『お願いだから側にいて』~寂しいと言えない少女と孤独な救命医の出会い~
「送って行く」
「いいのに」

叱られた後だからバツが悪くて断ってみたけれど、それでも車は走り出す。

「大体なんで、敬さんがパパのアパートにいたの?」

パパのアパートは病院からも離れているし、たまたま通りかかったなんて偶然はありえない。

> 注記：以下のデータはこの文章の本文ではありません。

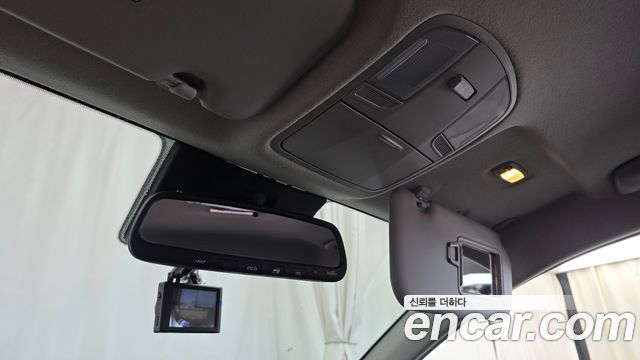 Kia Stonic 1.4 Prestige 2020 — фото 18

「気になって車を出したら真理愛がタクシーに乗り込む所が見えて、ついて来てしまったんだ」
「だから」
それはなぜかと私は聞きたいのに。

「タクシーが家とは反対方向に向かうのが見えたから、気になった」

なるほど。って、
「どうして私の家を知っているの?」

「保険証を見たからな。高城小児科はこの辺では有名な病院だし。すぐにわかるよ」
「ふーん」

確かに、歯医者に行っても買い物に出かけても銀行に行っても、おじさんの名前を言うと『高城小児科のお嬢さん』って呼ばれる。
それが私は好きじゃない。
私はママのおまけとして、高城の家に置いてもらっているだけだもの。

「どうした、気を悪くしたか?」
「ううん、そうじゃない」

ただ、敬さんにはバックグラウンドなしのただの真理愛として見られたかった。